Goodman, director of UTD's newly established Sickle Cell Disease Research Center and head of Molecular and Cell Biology, and Dr. J. Victor Garcia-Martinez, associate professor of internal medicine and microbiology at UT Southwestern, will lead the basic science research effort.

Goodman will study "Dysregulation of the Sickle Cell Membrane Skeleton." Dr. Goodman discovered the molecular basis of the irreversibly sickled cell.

Garcia-Martinez will investigate "Pre-Clinical Evaluation of Gene Therapy for Sickle Cell Disease." Garcia-Martinez is internationally known for his expertise in developing gene therapy models in HIV infection and hemoglobinopathies.

"A long-term goal of our center's laboratory research is to understand how altered red blood cell membranes lead to the formation of rigid sickle cells and how best to implement gene therapy that will ultimately cure the disease," Buchanan said. "There have been many advances in treatment during the past two decades that improved the lives of these patients, but some of the therapeutic approaches may fail or have harmful side effects."

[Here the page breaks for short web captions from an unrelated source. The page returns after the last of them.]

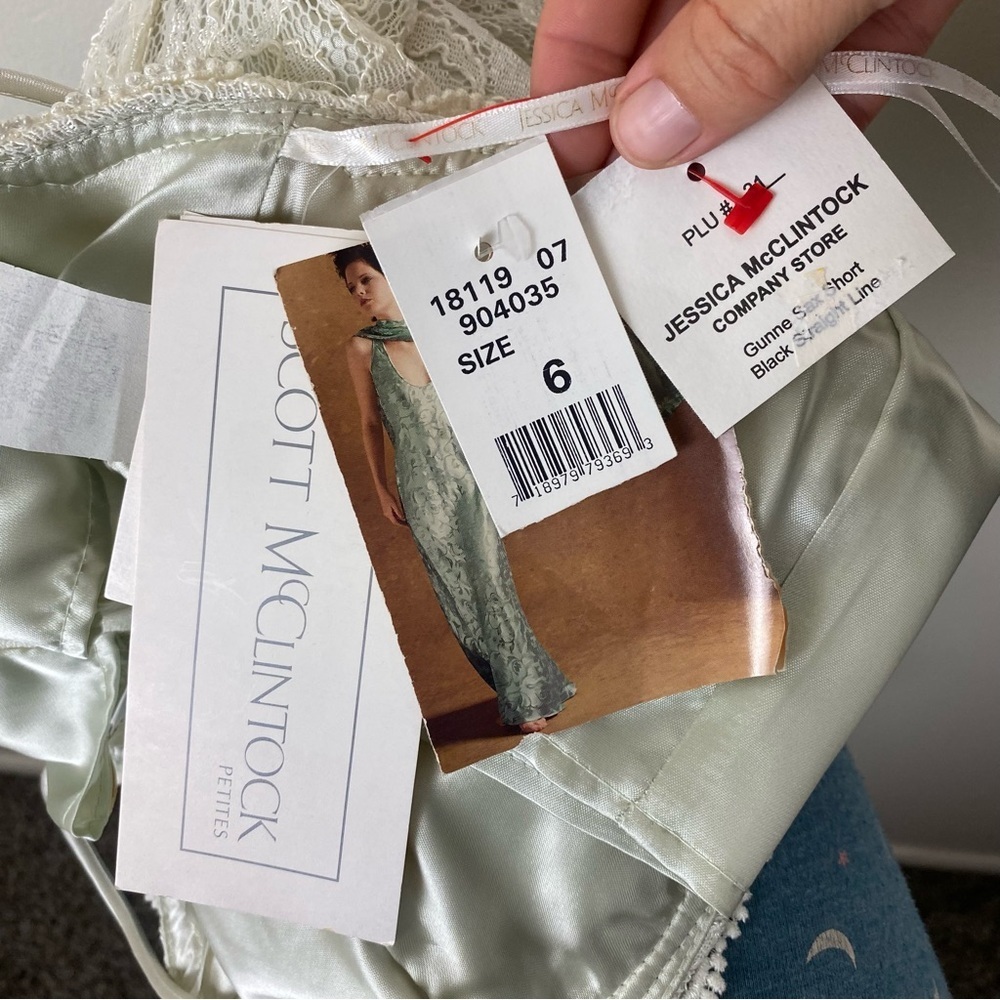 Vintage 80s 90s Deadstock Scott McClintock Gunne Sax White Mini Bridal Dress 6 - Picture 7 of 9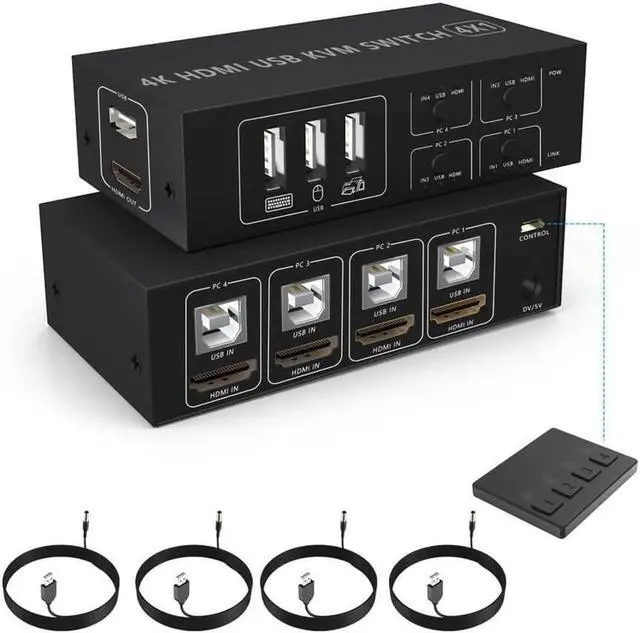 Main image of 4x1 HDMI USB KVM Switch 4 Port, 4K@60Hz HDMI 4 in 1 Out KVM USB Switch One-Button Switch 4 Computers Share Keyboard Mouse Printer Monitor with 4x USB Cable,1x Controller,1x Power Cable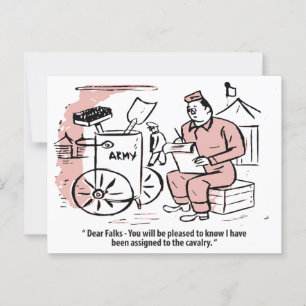 Toegewezen aan Golgotha, Humor van het leger, Grap Briefkaart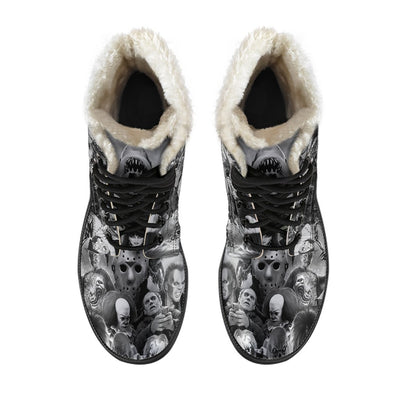 Horror Movie Icons Faux Fur Leather Boots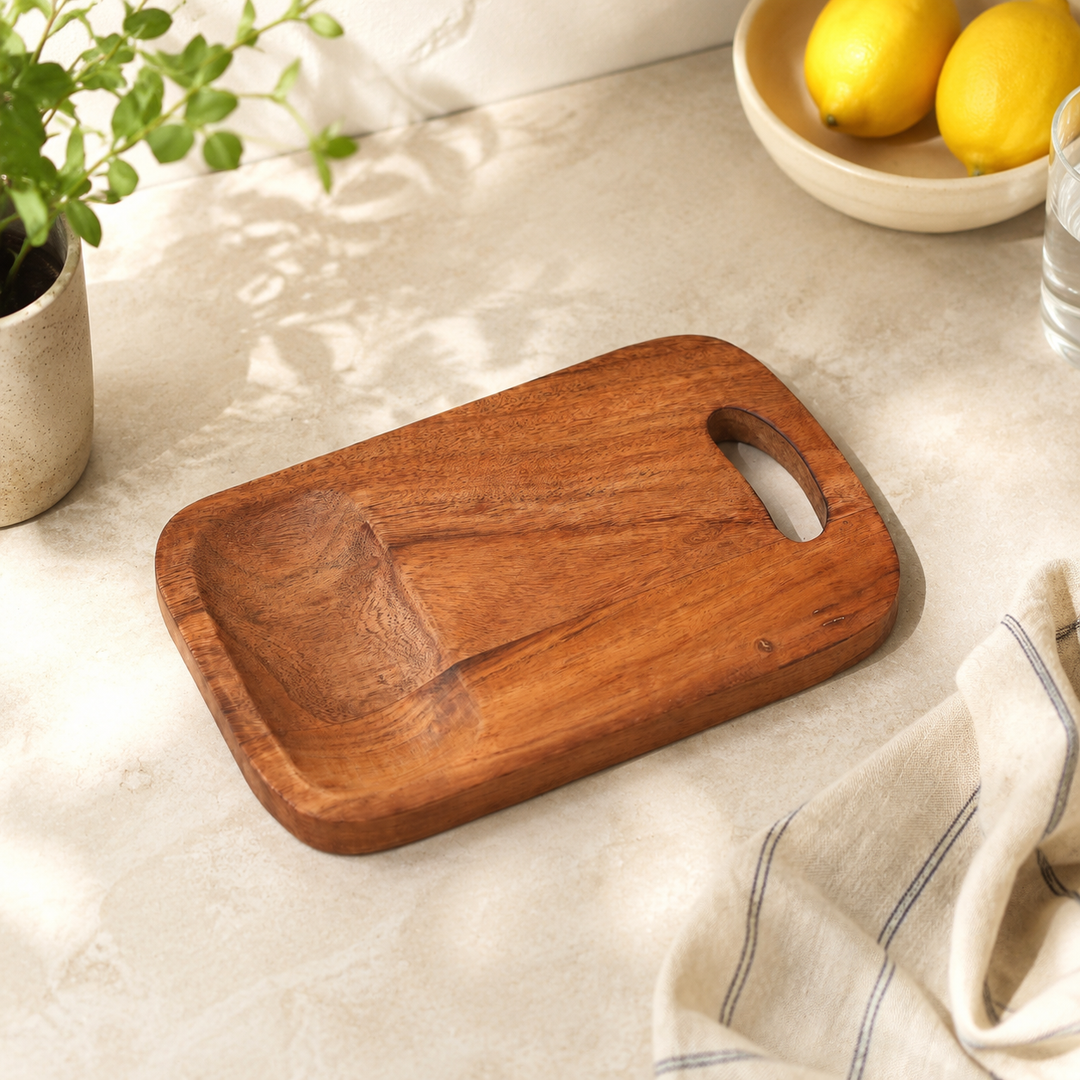 Acacia Wood Serving & Chopping Board with Grip Handle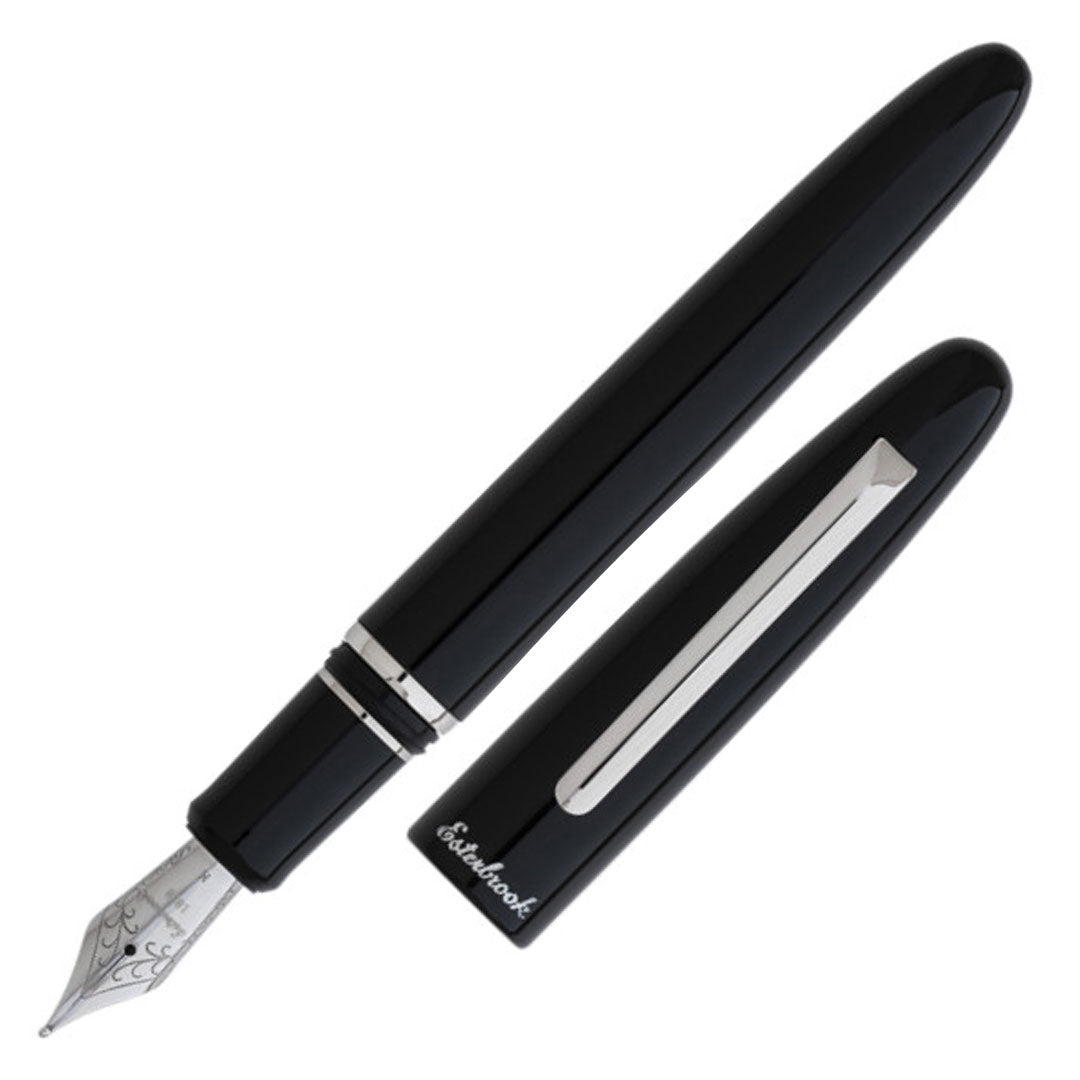 Esterbrook Estie Oversize Fountain Pen - Ebony Wood with Palladium Trim - Premium Writing Instrument for Calligraphy, Journaling & Gifting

Buchanan, who oversees the sickle cell disease program at Children's, said 600 patients are treated for the disease each year by UT Southwestern faculty physicians. Approximately 2,000 babies are born with the disease each year in the U.S., and better management of the disease now enables patients to live into middle age, according to the NIH.

Among the center's activities will be clinical programs for adults with sickle cell disease, serving patients at Parkland Memorial Hospital, Zale Lipshy University Hospital and St. Paul University Hospital. Dr. Cynthia Rutherford, professor of internal medicine at UT Southwestern, will direct the adult program with the assistance of a full-time nurse coordinator.

A patient service core will provide education and genetic counseling in conjunction with community outreach and will be staffed by a newly hired patient service coordinator. A full-time genetics counselor, funded as part of the grant, will be added to the staff at the Sickle Cell Disease Association of America, Dallas Chapter, to work with Children's and UT Southwestern physicians.

In addition, a Scholars Program will foster the career development of young physicians and other health-care professionals who conduct research on the illness.

By congressional mandate, the NHLBI funds 10 Comprehensive Sickle Cell Centers every five years.

Few rigorously performed clinical trials have been conducted in sickle cell disease, and the establishment of a network of leading sickle cell researchers offers a tremendous opportunity, Buchanan said.

Clinical projects supported by the grant will include studies directed by Buchanan; Dr. Zora Rogers, associate professor of pediatrics at UT Southwestern and associate medical director of the pediatric sickle cell disease program; and Dr. Charles T. Quinn, assistant professor of pediatrics at UT Southwestern. They will conduct research on:
--"Outcome of a Newborn Sickle Cell Cohort";
--"Epidemiology, Treatment and Secondary Prevention of Priapism";
--"Dexamethasone for the Acute Chest Syndrome of Sickle Cell Disease"; and
--"Ketorolac vs. Ibuprofen for the Painful Crisis of Sickle Cell Disease."